### Problem description:
Begin at the first line below and copy each line exactly, ending with the line where "Sundown Naturals Valerian Root Reviews Sundown" appears.

### Extracted entries:

────────────────

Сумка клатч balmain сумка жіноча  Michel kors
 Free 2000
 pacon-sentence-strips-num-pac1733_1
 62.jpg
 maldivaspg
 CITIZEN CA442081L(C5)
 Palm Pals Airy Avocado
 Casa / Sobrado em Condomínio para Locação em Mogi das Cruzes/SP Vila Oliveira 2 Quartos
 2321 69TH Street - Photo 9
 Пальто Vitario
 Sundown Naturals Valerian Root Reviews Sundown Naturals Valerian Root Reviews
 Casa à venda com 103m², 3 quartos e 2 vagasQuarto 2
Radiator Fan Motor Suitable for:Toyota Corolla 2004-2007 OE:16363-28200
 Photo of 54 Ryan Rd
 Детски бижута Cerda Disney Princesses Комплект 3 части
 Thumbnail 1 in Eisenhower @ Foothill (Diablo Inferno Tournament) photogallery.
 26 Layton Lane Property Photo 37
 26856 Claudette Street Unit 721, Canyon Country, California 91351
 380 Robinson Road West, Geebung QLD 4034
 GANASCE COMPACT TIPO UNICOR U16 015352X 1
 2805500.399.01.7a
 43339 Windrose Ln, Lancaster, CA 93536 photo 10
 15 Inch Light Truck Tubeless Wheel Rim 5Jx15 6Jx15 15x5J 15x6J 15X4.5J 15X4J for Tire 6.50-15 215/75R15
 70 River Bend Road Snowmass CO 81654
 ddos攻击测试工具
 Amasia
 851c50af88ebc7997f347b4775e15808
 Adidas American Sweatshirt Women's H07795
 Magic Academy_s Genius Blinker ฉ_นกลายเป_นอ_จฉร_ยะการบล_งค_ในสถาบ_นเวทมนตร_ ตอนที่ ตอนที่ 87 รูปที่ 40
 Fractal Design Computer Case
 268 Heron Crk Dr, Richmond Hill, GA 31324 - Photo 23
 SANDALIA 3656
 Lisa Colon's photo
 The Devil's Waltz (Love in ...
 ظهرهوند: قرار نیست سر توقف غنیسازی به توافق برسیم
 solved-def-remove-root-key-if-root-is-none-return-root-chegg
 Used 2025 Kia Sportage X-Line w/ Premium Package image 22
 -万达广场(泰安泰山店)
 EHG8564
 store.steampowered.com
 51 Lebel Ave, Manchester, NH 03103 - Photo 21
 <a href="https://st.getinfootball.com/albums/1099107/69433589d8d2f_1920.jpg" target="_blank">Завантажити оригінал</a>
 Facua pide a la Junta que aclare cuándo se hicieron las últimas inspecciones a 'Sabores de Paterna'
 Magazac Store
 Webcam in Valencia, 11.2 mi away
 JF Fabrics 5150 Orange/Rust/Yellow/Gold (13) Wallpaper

────────────────

### Answer area:
Сумка клатч balmain сумка жіноча  Michel kors
 Free 2000
 pacon-sentence-strips-num-pac1733_1
 62.jpg
 maldivaspg
 CITIZEN CA442081L(C5)
 Palm Pals Airy Avocado
 Casa / Sobrado em Condomínio para Locação em Mogi das Cruzes/SP Vila Oliveira 2 Quartos
 2321 69TH Street - Photo 9
 Пальто Vitario
 Sundown Naturals Valerian Root Reviews Sundown Naturals Valerian Root Reviews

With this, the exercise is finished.